Rabu 31 Jul 2019 18:03 WIB

Menristekdikti: Marxisme & Khilafah Boleh Dibahas di Kampus

Khilafah dan Marxisme boleh dibahas tapi tidak boleh dipilih sebagai ideologi

Red: Karta Raharja Ucu
Menristek Dikti Mohamad Nasir saat berbincang dengan wartawan di Jakarta,  Selasa (30/7).
Foto: Republika/Karta Raharja Ucu
Menristek Dikti Mohamad Nasir saat berbincang dengan wartawan di Jakarta, Selasa (30/7).

REPUBLIKA.CO.ID, JAKARTA -- Menteri Riset, Teknologi, dan Pendidikan Tinggi (Menristekdikti) Mohamad Nasir mempersilakan mahasiswa membahas paham-paham dari luar seperti marxisme dan khilafah di dalam kampus. Namun pembahasan sebatas ilmu pengetahuan dan di bawah bimbingan dosen.

"Mengkaji ilmu pengetahuan di kampus silakan, yang tidak boleh adalah memilih itu sebagai ideologi, karena negara telah menetapkan NKRI dan Pancasila," kata Nasir kepada wartawan di Jakarta, Selasa (31/7).

Menristekdikti menuturkan Indonesia memiliki empat pilar kebangsaan yakni NKRI, Pancasila sebagai ideologi bangsa, Undang-undang Dasar (UUD) 1945, dan semboyan Bhineka Tunggal Ika. Empat pilar ini yang harus dipegang teguh oleh seluruh masyarakat dalam kehidupan berbangsa dan bernegara di Indonesia.
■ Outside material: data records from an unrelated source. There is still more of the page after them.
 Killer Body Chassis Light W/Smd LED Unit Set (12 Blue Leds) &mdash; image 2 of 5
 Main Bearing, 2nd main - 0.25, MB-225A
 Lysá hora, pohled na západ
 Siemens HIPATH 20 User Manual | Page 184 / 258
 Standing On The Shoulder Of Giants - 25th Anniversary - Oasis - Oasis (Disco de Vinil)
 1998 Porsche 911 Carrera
Meski begitu, Nasir menuturkan paham-paham di luar Pancasila dapat dibahas dan dikaji dalam bentuk kajian akademik dan secara terbuka atau di mimbar akademik.

"Batasannya adalah mengkomparasikan. Katakan kalau orang berbicara tentang Pancasila berbicara tentang ideologi suatu negara, bagaimana negara-negara lain yang punya pengalaman ideologinya katakan marxisme, negara pakai ideologi kapitalis, ada satu negara khilafah, kenapa mereka melakukan itu, sejarahnya bagaimana mereka terjadi, tapi Indonesia tidak pernah memilih itu, Indonesia telah memilih NKRI, Pancasila sebagai ideologi negara, Undang-Undang Dasar 1945 sebagai dasar negara dan semboyan Bhineka Tunggal Ika," ujarnya.